Solution C(i) : Given f: X \rightarrow Y such that if x_{0} \neq x_{1}, then f(x_{0}) \neq f(x_{1}). Now, we want a mapping g: Y \rightarrow X such that gf=i_{X}. Let us construct a g such that g(y_{0})=x_{0} and g(y_{1}) = x_{1}. Then, (gf)(x_{0}) = g(f(x_{0}))=g(y_{0})=x_{0}. Similarly, gf(x_{1})=x_{1}. Here, we have assumed that f(x_{0})=y_{0} and f(x_{1})=y_{1}. So, knowing f to be one-to-one, we can explicitly construct a mapping g such that g: Y \rightarrow X and gf=i_{X}. QED. On the other hand, let it be given that X and Y are two non-empty sets, that f: X \rightarrow Y and g: Y \rightarrow X such that gf=i_{X}. That is, if some x^{'} \in X, then we have (gf)(x^{'}) = i_{X}(x^{'})=x^{'}. That is, g(f(x^{'})) = x^{'}. This forces, if f(x^{'}) = y^{'}, then g(y^{'})=x^{'}. Now, if there be an element x^{''} \neq x^{'}, it will force f(x^{''})=y^{''} \neq x^{'}. Hence, different inputs give rise to different outputs and so f is one-to-one.
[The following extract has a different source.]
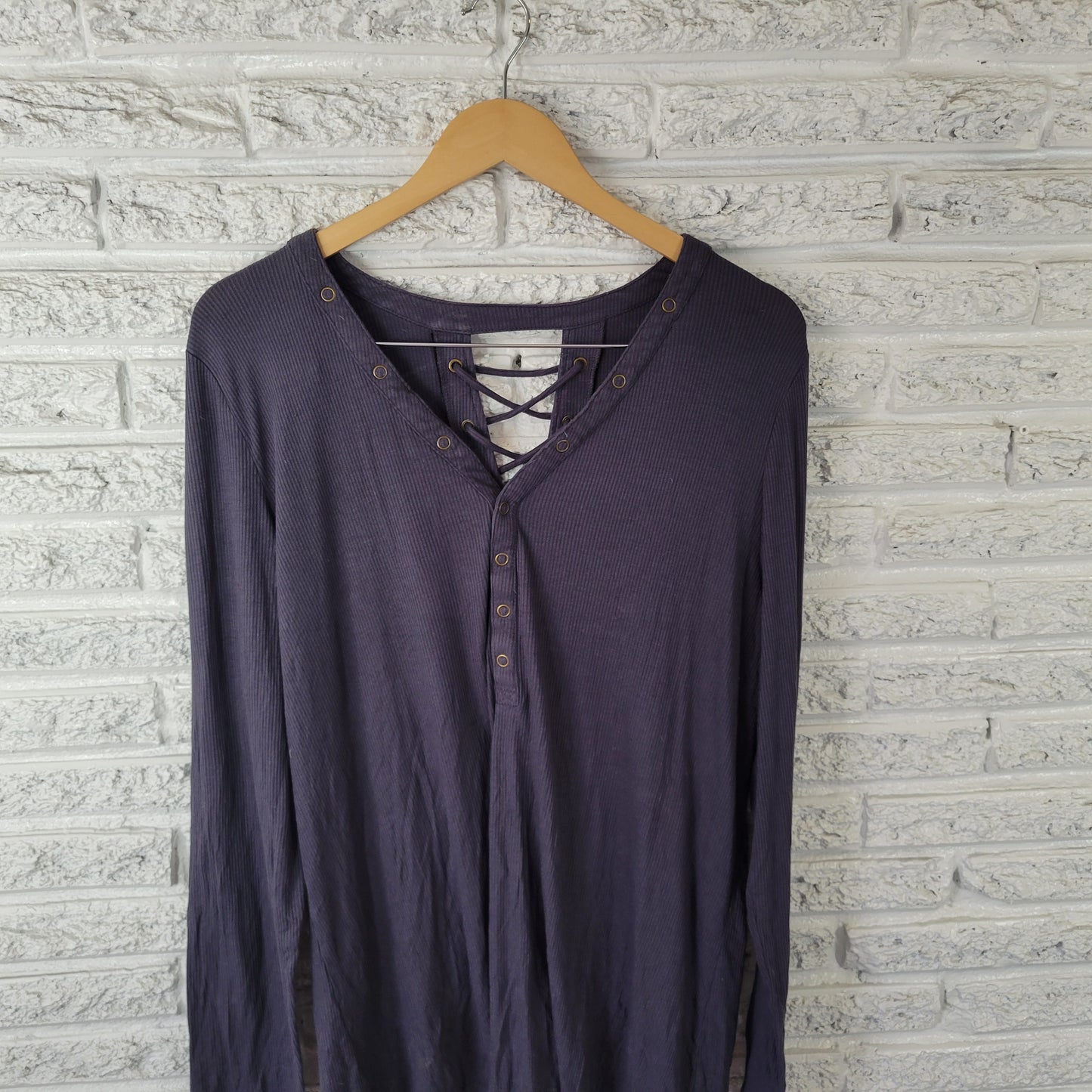 Torrid Super Soft 3X Gray Tunic Lace Up Back Long Sleeve V-Neck Boho GRA38E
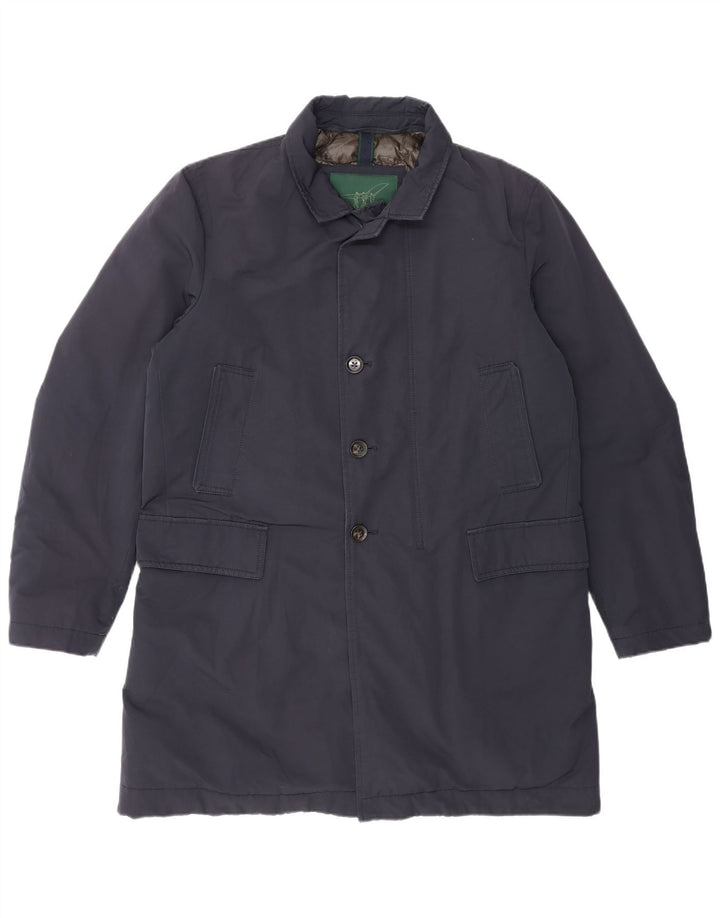 Casaco acolchoado masculino Henry Cottons IT 50 grande algodão azul marinho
QED.

Solution C(ii) : Given f: X \rightarrow Y and f is onto, that is, f(X) = Y. We want to show a function h: Y \rightarrow X such that fh=i_{X}. Since f(X)=Y, with X as domain, Y as codomain equal to range, f is one-to-one, onto. So h=f^{-1}. QED.

Question D:

Let X be a non-empty set and f a mapping of X into itself. Show f is one-to-one onto if and only there exists a mapping g of X into itself such that gf=fg=i_{X}. If there exists a mapping g with the property, then there is one and only one such mapping. Why?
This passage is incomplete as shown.